#### SUPPLIED DATA
□ □ □ □ □

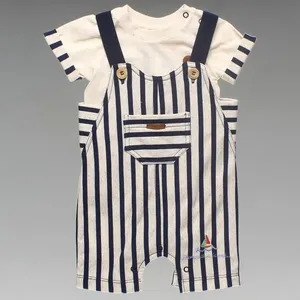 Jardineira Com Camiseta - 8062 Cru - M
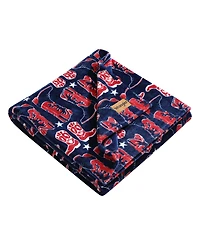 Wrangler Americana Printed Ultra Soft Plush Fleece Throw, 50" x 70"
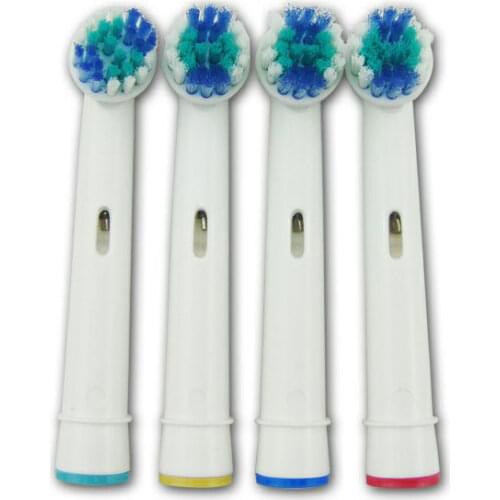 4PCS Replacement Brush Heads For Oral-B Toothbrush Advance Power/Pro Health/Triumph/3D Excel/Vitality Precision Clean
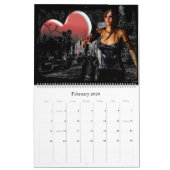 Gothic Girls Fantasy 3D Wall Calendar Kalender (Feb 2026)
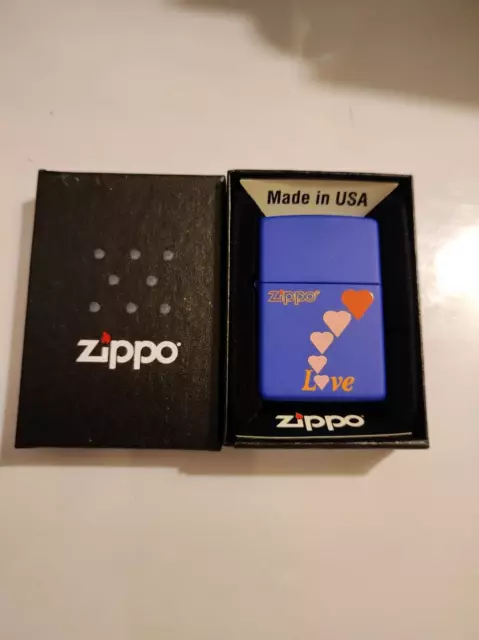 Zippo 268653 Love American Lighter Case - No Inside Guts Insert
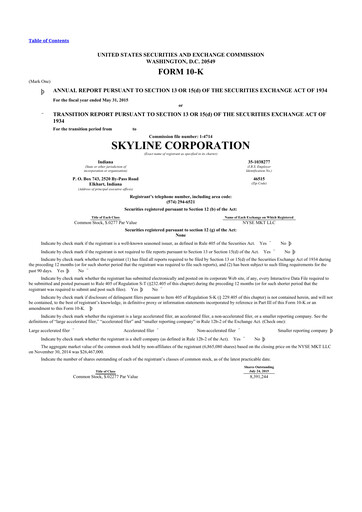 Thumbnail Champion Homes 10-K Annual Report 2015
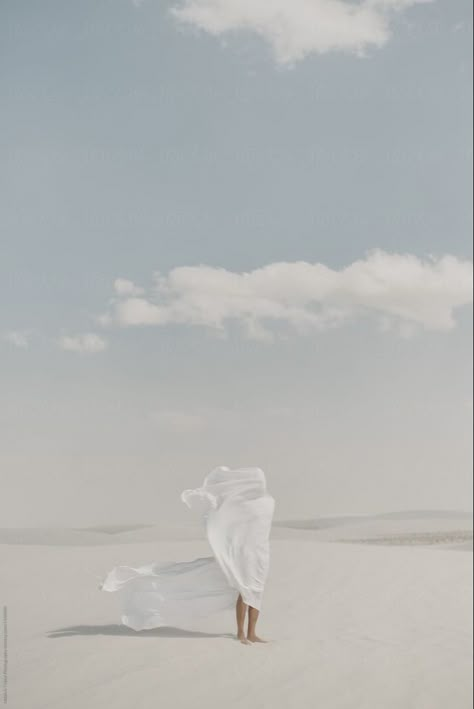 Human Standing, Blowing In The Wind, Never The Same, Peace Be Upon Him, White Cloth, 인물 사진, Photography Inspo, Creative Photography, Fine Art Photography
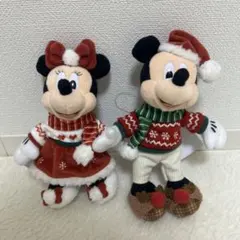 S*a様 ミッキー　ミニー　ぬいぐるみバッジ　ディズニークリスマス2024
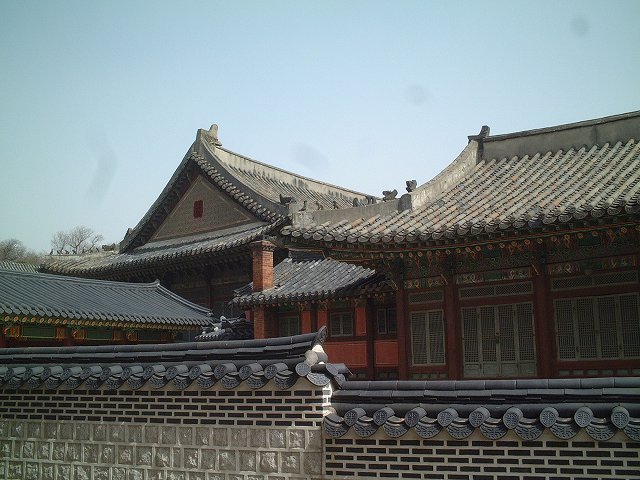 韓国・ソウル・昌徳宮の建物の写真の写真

□ □ □ □ □

#### EXERCISE OBJECTIVE
Write out each entry exactly; any pictures stay out of the copy.

#### EXPECTED ANSWER
 Jardineira Com Camiseta - 8062 Cru - M
 Wrangler Americana Printed Ultra Soft Plush Fleece Throw, 50" x 70"
 4PCS Replacement Brush Heads For Oral-B Toothbrush Advance Power/Pro Health/Triumph/3D Excel/Vitality Precision Clean
 Gothic Girls Fantasy 3D Wall Calendar Kalender (Feb 2026)
 Zippo 268653 Love American Lighter Case - No Inside Guts Insert
 Thumbnail Champion Homes 10-K Annual Report 2015
 Human Standing, Blowing In The Wind, Never The Same, Peace Be Upon Him, White Cloth, 인물 사진, Photography Inspo, Creative Photography, Fine Art Photography
 S*a様 ミッキー　ミニー　ぬいぐるみバッジ　ディズニークリスマス2024
 韓国・ソウル・昌徳宮の建物の写真の写真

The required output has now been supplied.